Arrestati sei fedeli protestanti per aver commesso il reato di “preghiera”
Vietato pregare e invocare Dio. Non siamo in Iraq e non c’è l’Isis dietro la repressione dei cristiani. Ma siamo nel Sud Est asiatico, dove è sempre più allarmante la situazione del Laos, piccolo stato di 6 milioni di abitanti, di cui il 2% cristiani (0,7% cattolici). Le autorità governative stanno attivando una strategia di graduale repressione nei confronti del credo cristiano, intimorendo coloro che lo praticano.
IL REATO DI PREGHIERA
Una situazione che non è sotto i riflettori della comunità internazionale, più concentrata su fronti bollenti come quelle iracheno. Eppure lo scenario religioso nel Laos meriterebbe più attenzioni. Asianews (30 settembre) afferma che il capo villaggio di Boukham, provincia di Savannakhet (Laos occidentale), assieme ai responsabili della sicurezza e ai vertici della polizia, ha arrestato il pastore cristiano protestante Sompong Supatto e altri sei fedeli. Sono tutti incriminati per aver esercitato il diritto alla libertà religiosa, incontrandosi per un momento di preghiera nella casa del leader protestante Supatto.

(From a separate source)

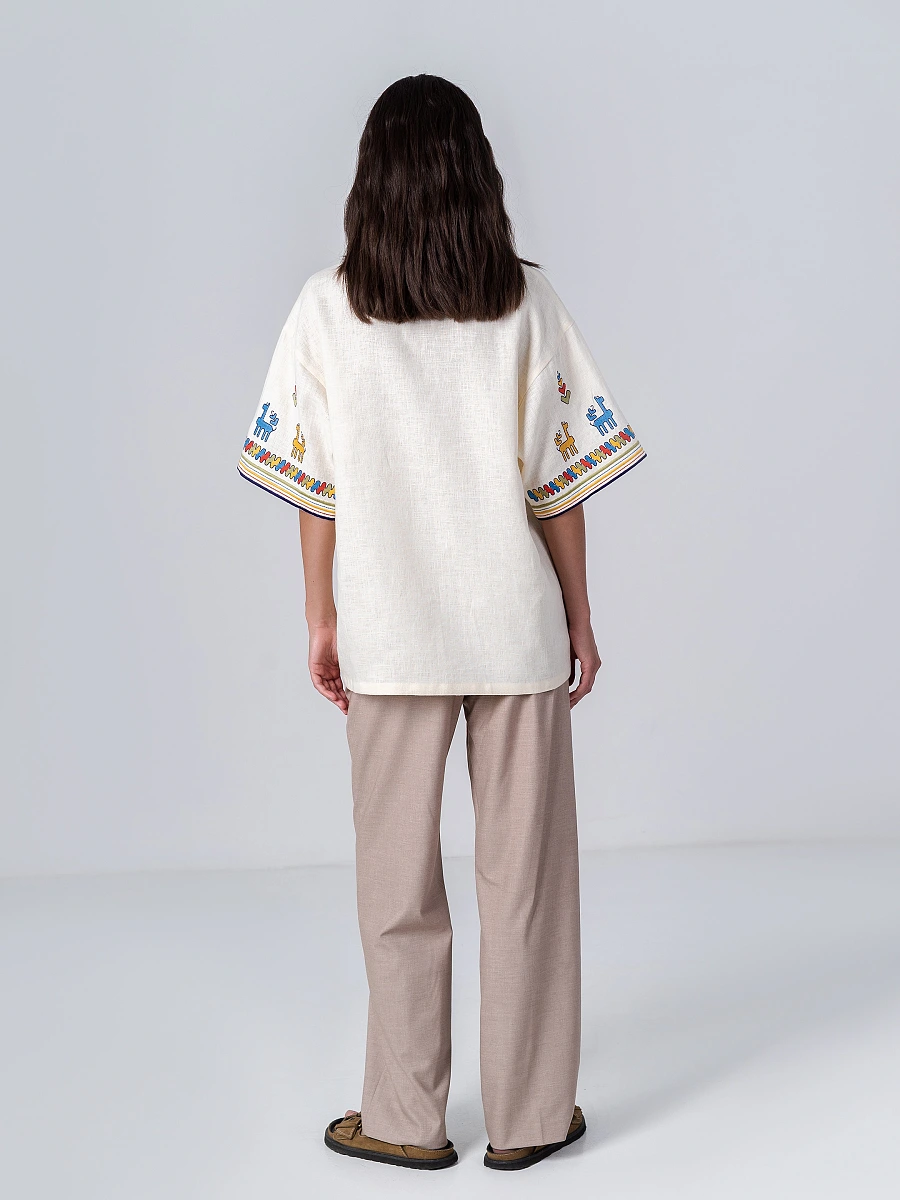 Linen shirt with short sleeves and embroidery Konyk dark — Creamy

IN MANETTE PER AVER INVOCATO DIO
Testimoni locali riferiscono che le autorità hanno fatto irruzione mentre il pastore e i sei fedeli stavano pranzando, dopo aver terminato le celebrazioni della domenica mattina (28 settembre). Tutti i membri della comunità sono stati prelevati e rinchiusi negli uffici governativi del villaggio di Boukham. Al pastore, a differenza dei sei fedeli, gli agenti hanno anche legato mani (con le manette di ordinanza) e piedi. La settimana precedente, le autorità del villaggio avevano emanato un decreto che proibiva ai cristiani di riunirsi per pregare.
IL PRECEDENTE DELLE STUDENTESSE
La vicenda, come denuncia Human Rights Watch for Laos Religious Freedom (Hrwlrf), è avvenuta nella stessa provincia in cui, a maggio, tre studentesse cristiane non hanno potuto sostenere gli esami scolastici di fine anno a causa della loro fede. E qualche settimana più tardi, a fine giugno, un capo villaggio locale ha impedito la cerimonia funebre e la sepoltura di una donna cristiana neo-convertita.

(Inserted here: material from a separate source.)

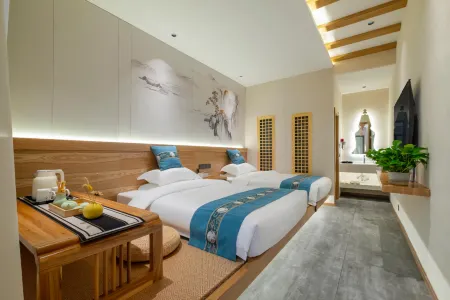 Wutai Mountain scenic spot Taihuai town Huyingou village Отели в г. Утайшань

CACCIATI DI CASA COME IN IRAQ
Episodi che sono solo la punta dell’iceberg. Basti pensare alle assurde repressioni, subite tra il 2010 e il 2011 da 30 famiglie di un villaggio del Sud del Laos, cacciate via di casa per non aver abiurato il cristianesimo, e ammassate per settimane in un centro d’accoglienza. Storie che fanno venire alla mente alle persecuzioni subite dai cristiani, in questi mesi, nella piana di Ninive in Iraq.
UNA MINACCIA PER I BUDDISTI
Anche se i cristiani sono solo il 2 per cento della popolazione, scrive Tempi.it (30 settembre), sono molto temuti dalle autorità di questo paese, chiuso tra Vietnam, Thailandia e Cambogia. Se il buddhismo theravada, il più diffuso in Laos, gode del pieno sostegno a livello governativo sotto forma di fondi e sussidi, il cristianesimo, soprattutto se abbracciato da membri della minoranza etnica Hmong, viene considerato di «importazione americana» e quindi «una minaccia» in grado di minare la stabilità e il modello politico e sociale imposto dal Partito comunista.